Run-length encoding captures the lengths of runs of consecutive elements in a vector. Consider an example vector:

```
dat <- c(1, 2, 2, 2, 3, 1, 4, 4, 1, 1)
```

The `rle`

function extracts each run and its length:

```
r <- rle(dat)
r
# Run Length Encoding
# lengths: int [1:6] 1 3 1 1 2 2
# values : num [1:6] 1 2 3 1 4 1
```

The values for each run are captured in `r$values`

:

```
r$values
# [1] 1 2 3 1 4 1
```

This captures that we first saw a run of 1's, then a run of 2's, then a run of 3's, then a run of 1's, and so on.

The lengths of each run are captured in `r$lengths`

:

```
r$lengths
# [1] 1 3 1 1 2 2
```

We see that the initial run of 1's was of length 1, the run of 2's that followed was of length 3, and so on.

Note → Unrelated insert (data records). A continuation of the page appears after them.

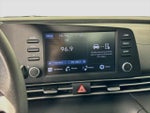 2024 Elantra Thumbnail 21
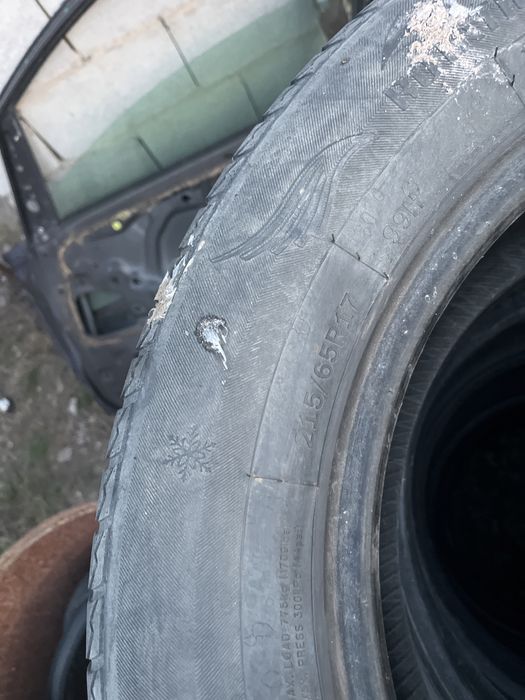 Шины r 17, дөңгелек 17 размер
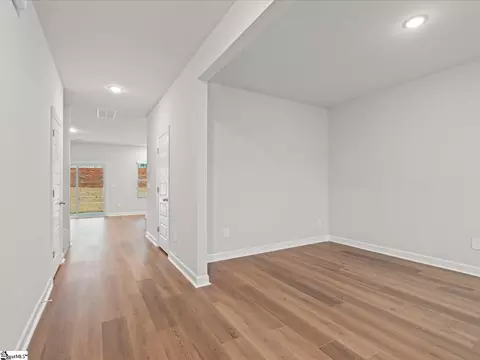 Entry Way - 415 Granby Trl, Easley, SC 29642 photo 1 of 3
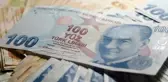 Asgari Ücret Tespit Komisyonu Toplantısı Gelecek Haftaya Sıkıştırılabilir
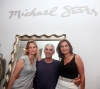 Michael_Stars_Store_7.jpg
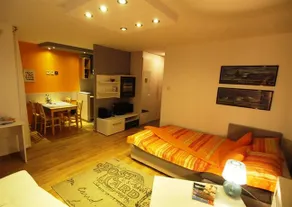 Apartment "Design Maksimir" - Image 4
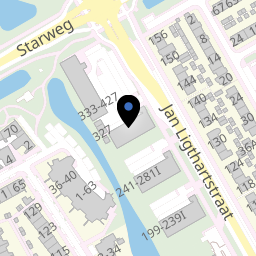 Appartement HKK01 D 5566 3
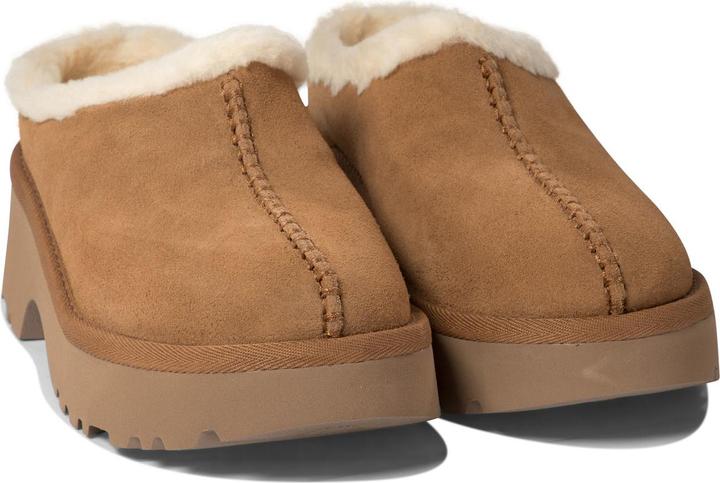 Produktbild Ugg 4432336 (40)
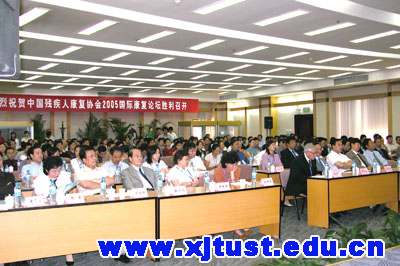 点击这里用新窗口浏览图片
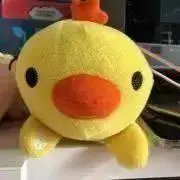 Miki プロフご覧下さいの画像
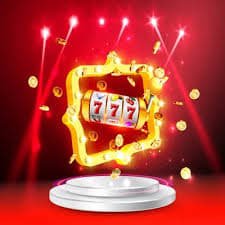 888y APP Live Casino Baccarat Roulette MMK ငွေဖြင့် ကစား
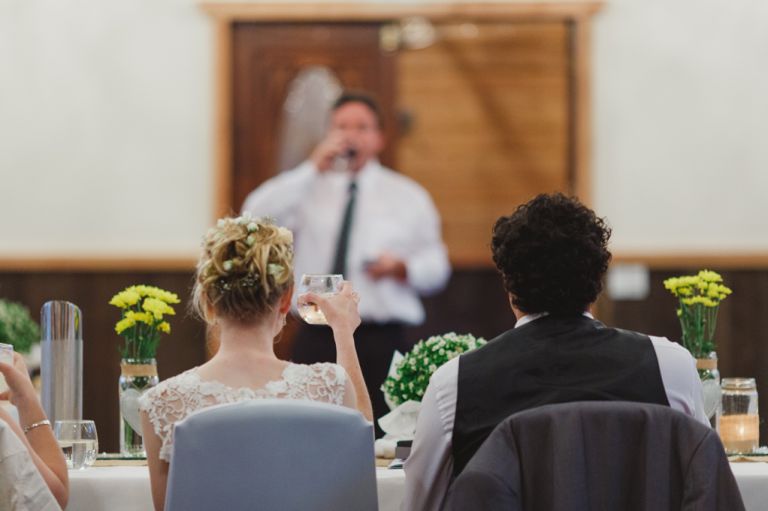 Phillip Island Wedding Photographer (58)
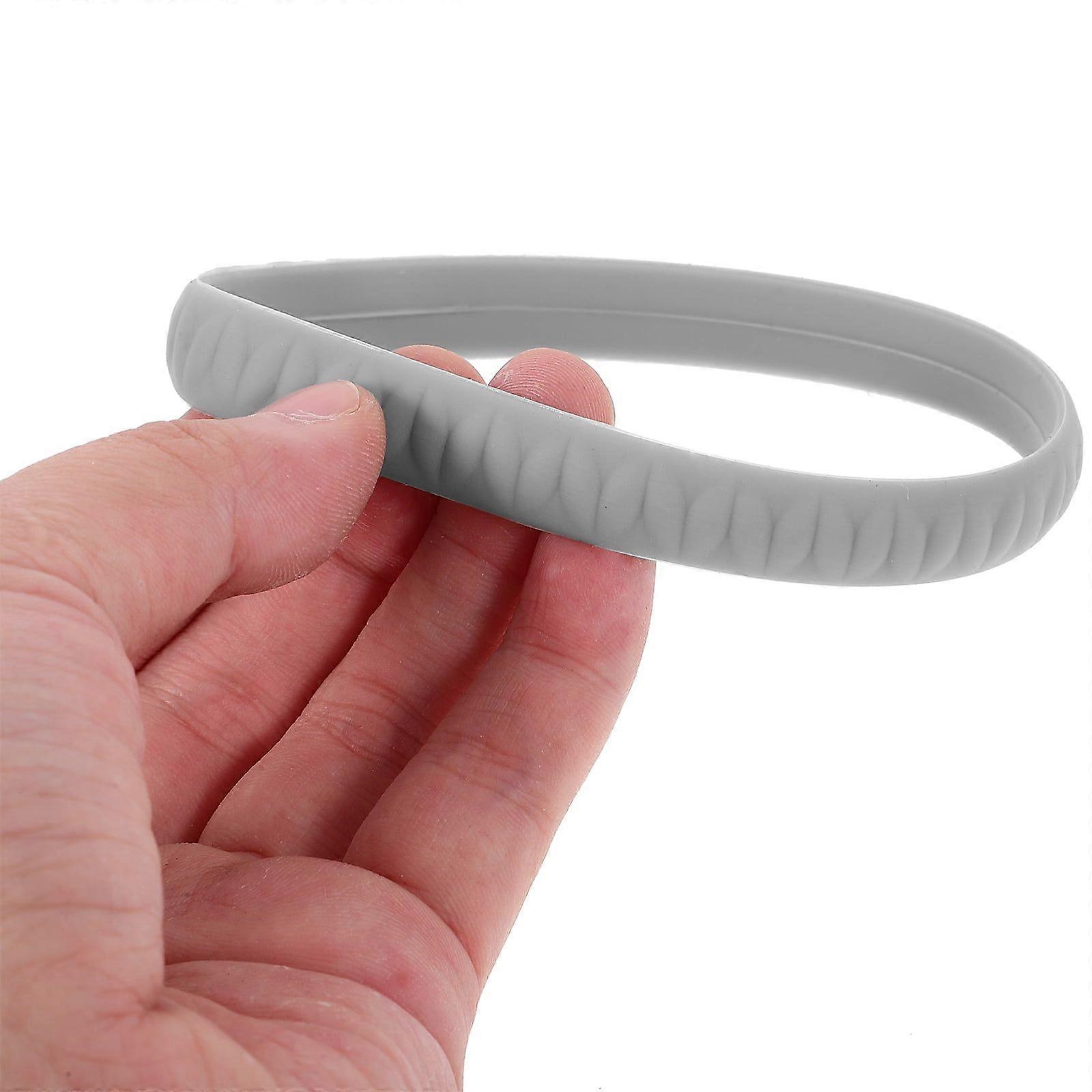 Patellar Tendon Support Strap,2Pcs Patella Knee Strap Basketball Patella Knee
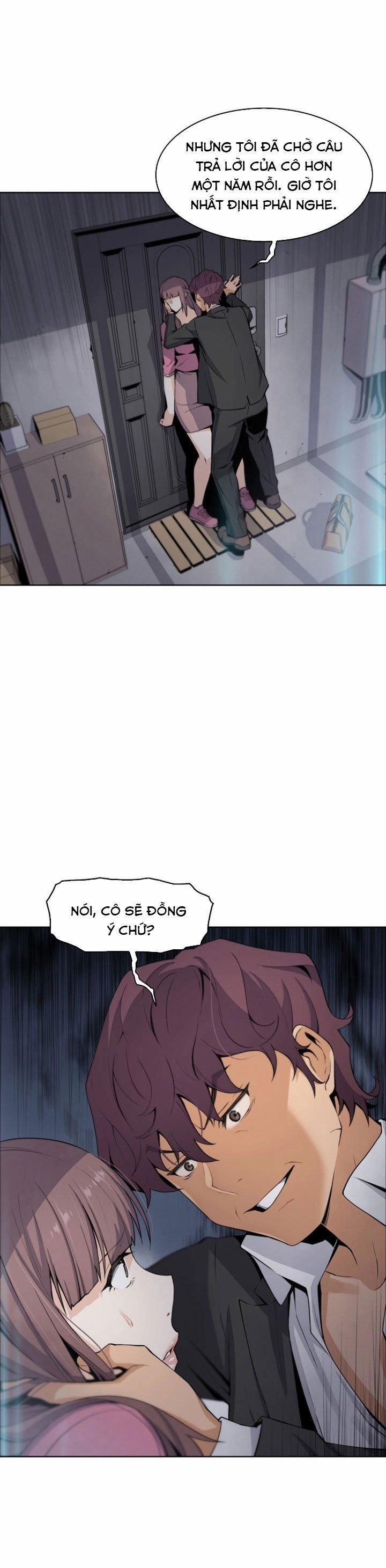 Nhóm Học Đặc Biệt 13 trang 9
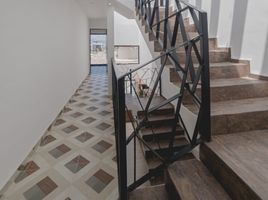 4 Habitación Casa en venta en San Luis Potosi, San Luis Potosí, San Luis Potosi, San Luis Potosí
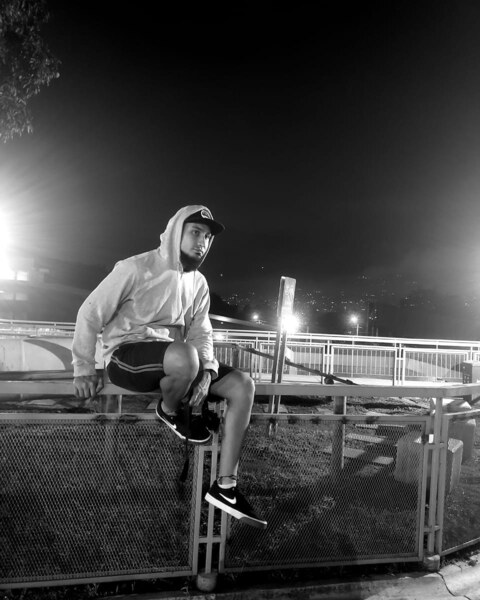 Monvalx @monvalx cover picture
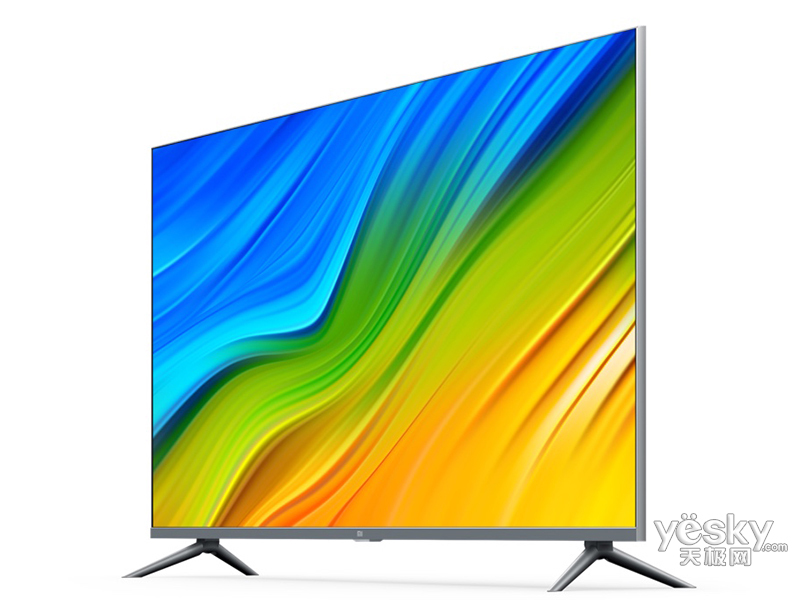 С��ȫ��������Pro 43Ӣ��(E43S)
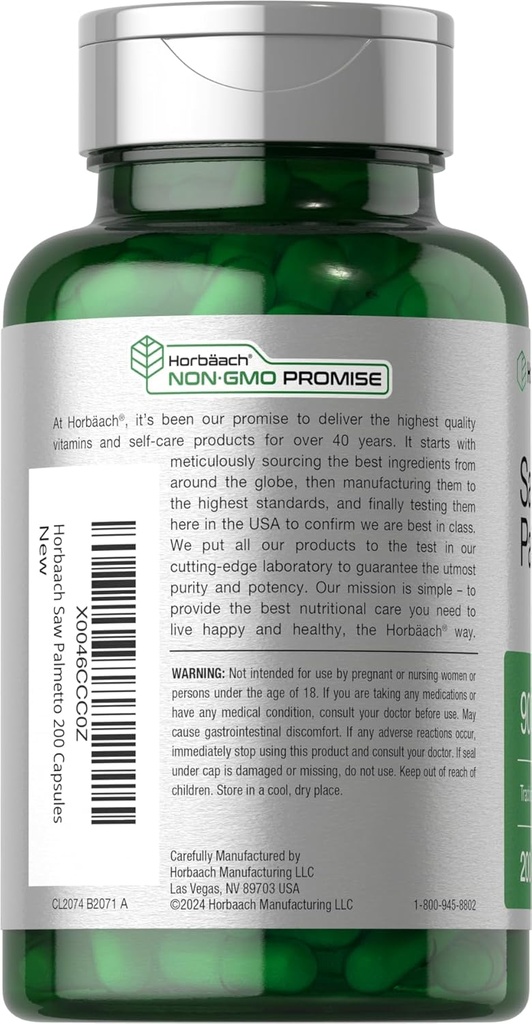 horbaach-saw-palmetto-extract-900mg-200--3.jpg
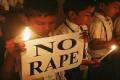 Castration for Child Rape: HC - Sakshi Post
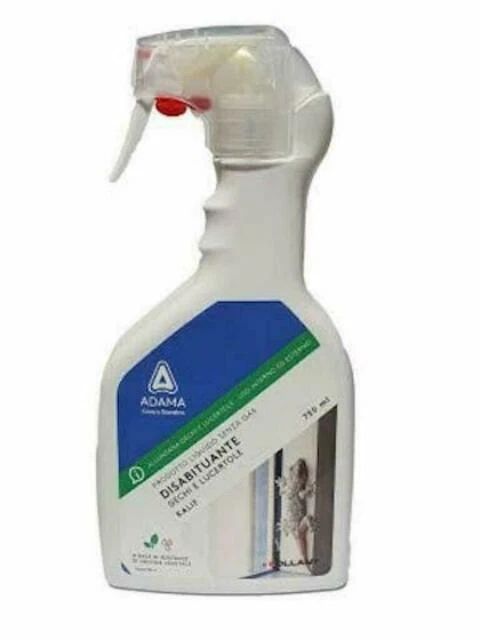 Repellenti spray da giardino
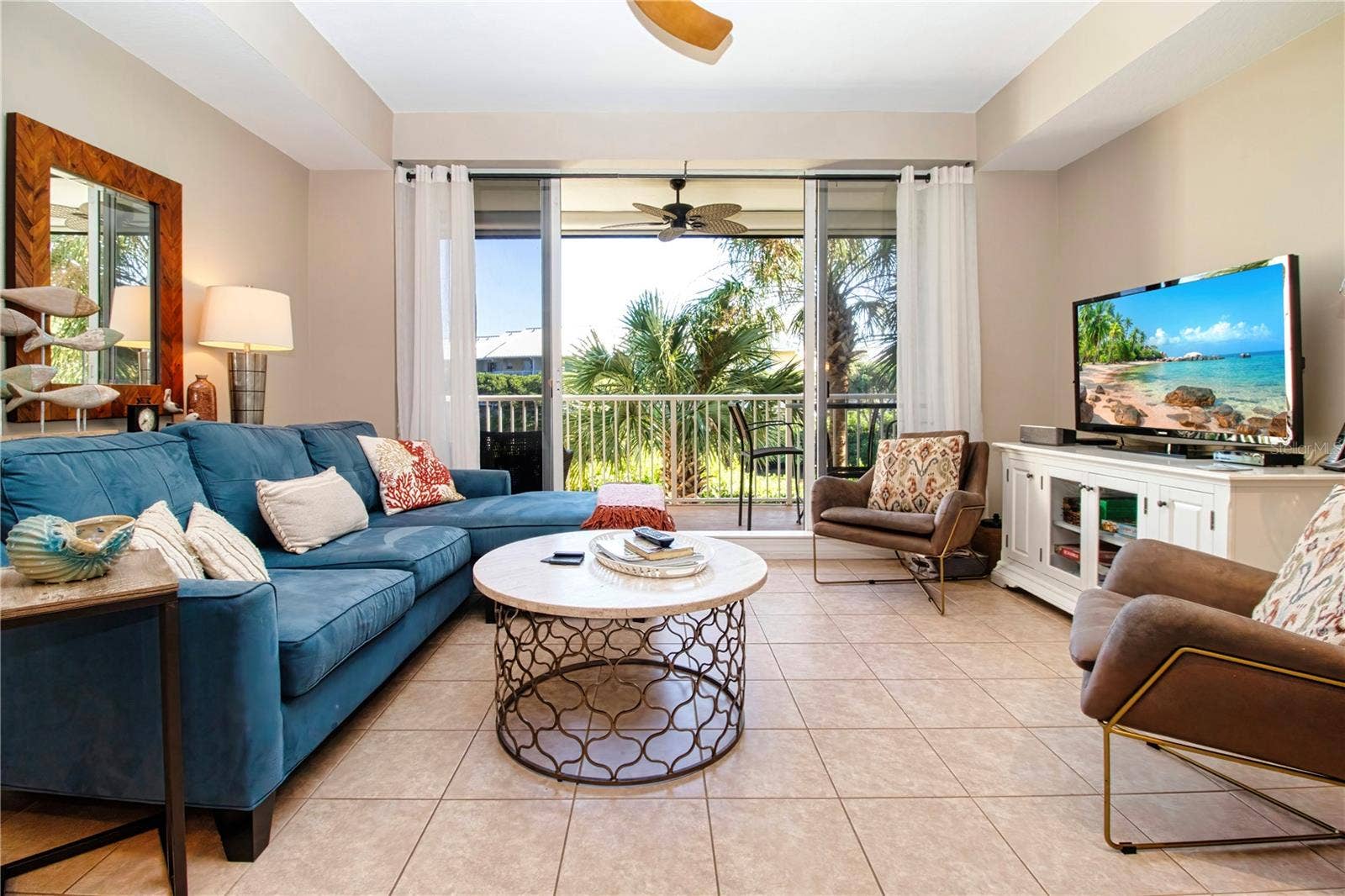 3271 MANGROVE POINT, Ruskin, FL 33570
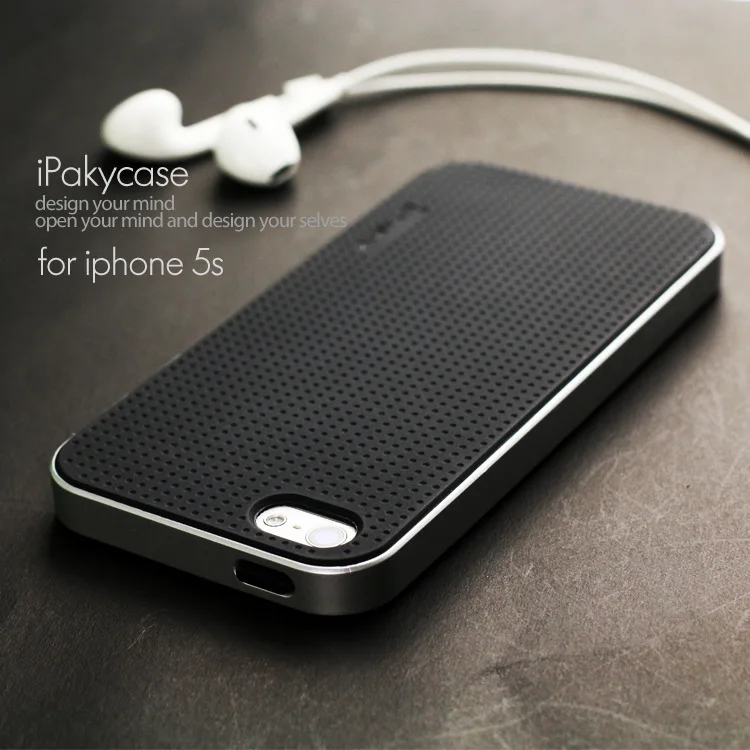 custodia iphone s5 custodia iphone s5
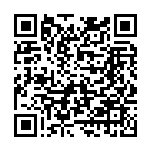 加拿大打折网二维码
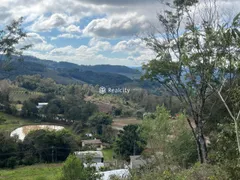 Terreno / Lote / Condomínio à venda, 13000m² no Vale dos Vinhedos, Bento Gonçalves - Foto 22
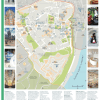 Ville de Québec - Guide Cartoville – Image 3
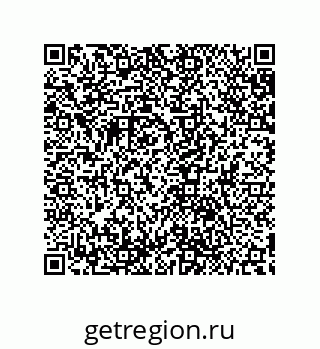 79632824110
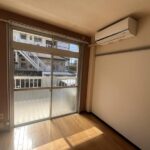 プチメゾン南月見ヶ丘　 画像3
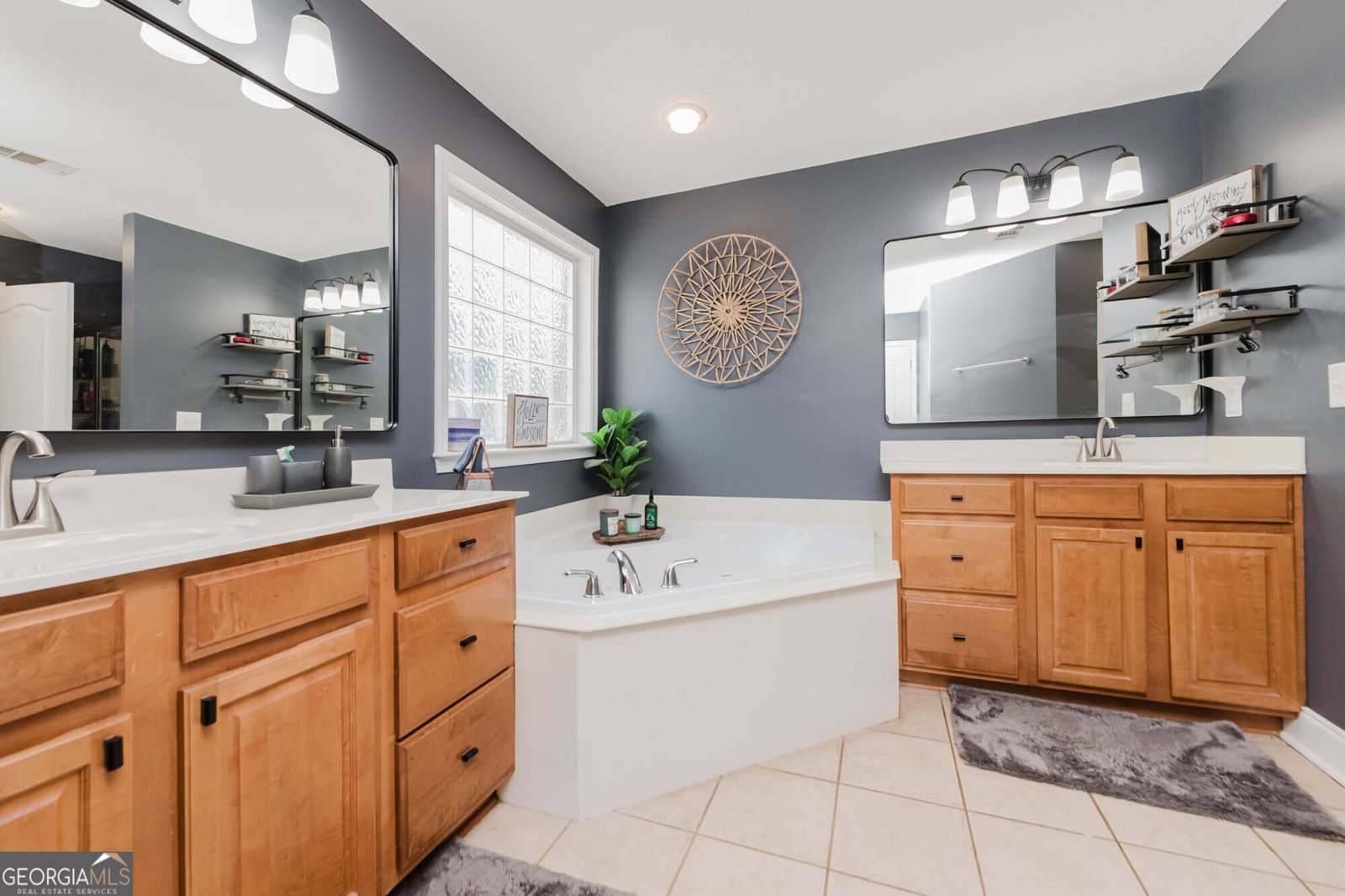 610 Twelve Oaks Drive Warner Robins - Photo 19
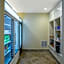 Hilton Garden Inn Olympia, WA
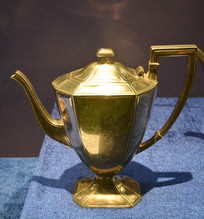 �ɿ�������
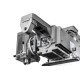 Купить Универсальный фрезерный станок JET JUTM-1834 Servo DRO . Официальный магазин JET Украина. Фирменный инструмент Джет и оборудовние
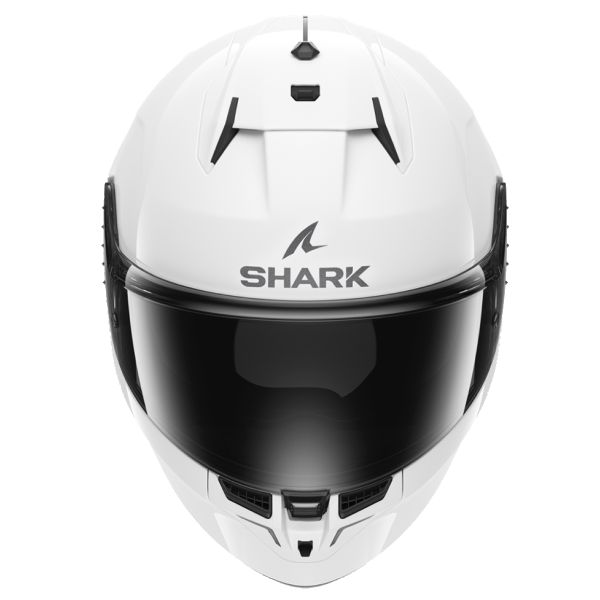 Casco Moto Shark D-Skwal 3 Blast-R Mat KAR in Stock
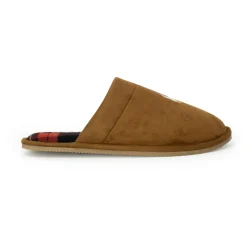 Heren Ralph Lauren Klarence Slipper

## # Run-length encoding to compress and decompress vectors

Long vectors with long runs of the same value can be significantly compressed by storing them in their run-length encoding (the value of each run and the number of times that value is repeated). As an example, consider a vector of length 10 million with a huge number of 1's and only a small number of 0's:

```
set.seed(144)
dat <- sample(rep(0:1, c(1, 1e5)), 1e7, replace=TRUE)
table(dat)
# 0 1
# 103 9999897
```

Storing 10 million entries will require significant space, but we can instead create a data frame with the run-length encoding of this vector:

```
rle.df <- with(rle(dat), data.frame(values, lengths))
dim(rle.df)
# [1] 207 2
head(rle.df)
# values lengths
# 1 1 52818
# 2 0 1
# 3 1 219329
# 4 0 1
# 5 1 318306
# 6 0 1
```

From the run-length encoding, we see that the first 52,818 values in the vector are 1's, followed by a single 0, followed by 219,329 consecutive 1's, followed by a 0, and so on. The run-length encoding only has 207 entries, requiring us to store only 414 values instead of 10 million values. As `rle.df`

is a data frame, it can be stored using standard functions like `write.csv`

.

Decompressing a vector in run-length encoding can be accomplished in two ways. The first method is to simply call `rep`

, passing the `values`

element of the run-length encoding as the first argument and the `lengths`

element of the run-length encoding as the second argument:

```
decompressed <- rep(rle.df$values, rle.df$lengths)
```

We can confirm that our decompressed data is identical to our original data:

```
identical(decompressed, dat)
# [1] TRUE
```

The second method is to use R's built-in `inverse.rle`

function on the `rle`

object, for instance:

```
rle.obj <- rle(dat) # create a rle object here
class(rle.obj)
# [1] "rle"
dat.inv <- inverse.rle(rle.obj) # apply the inverse.rle on the rle object
```

We can confirm again that this produces exactly the original `dat`

:

```
identical(dat.inv, dat)
# [1] TRUE
```

## # Identifying and grouping by runs in data.table

The data.table package provides a convenient way to group by runs in data. Consider the following example data:

```
library(data.table)
(DT <- data.table(x = c(1, 1, 2, 2, 2, 1), y = 1:6))
# x y
# 1: 1 1
# 2: 1 2
# 3: 2 3
# 4: 2 4
# 5: 2 5
# 6: 1 6
```

The variable `x`

has three runs: a run of length 2 with value 1, a run of length 3 with value 2, and a run of length 1 with value 1. We might want to compute the mean value of variable `y`

in each of the runs of variable x (these mean values are 1.5, 4, and 6).

The data.table `rleid`

function provides an id indicating the run id of each element of a vector:

```
rleid(DT$x)
# [1] 1 1 2 2 2 3
```

One can then easily group on this run ID and summarize the `y`

data:

```
DT[,mean(y),by=.(x, rleid(x))]
# x rleid V1
# 1: 1 1 1.5
# 2: 2 2 4.0
# 3: 1 3 6.0
```

#### # Remarks

A run is a consecutive sequence of repeated values or observations. For repeated values, R's "run-length encoding" concisely describes a vector in terms of its runs. Consider:

```
dat <- c(1, 2, 2, 2, 3, 1, 4, 4, 1, 1)
```

We have a length-one run of 1s; then a length-three run of 2s; then a length-one run of 3s; and so on. R's run-length encoding captures all the lengths and values of a vector's runs.

### # Extensions

A run can also refer to consecutive observations in a tabular data. While R doesn't have a natural way of encoding these, they can be handled with `rleid`

from the data.table package (currently a dead-end link) (opens new window).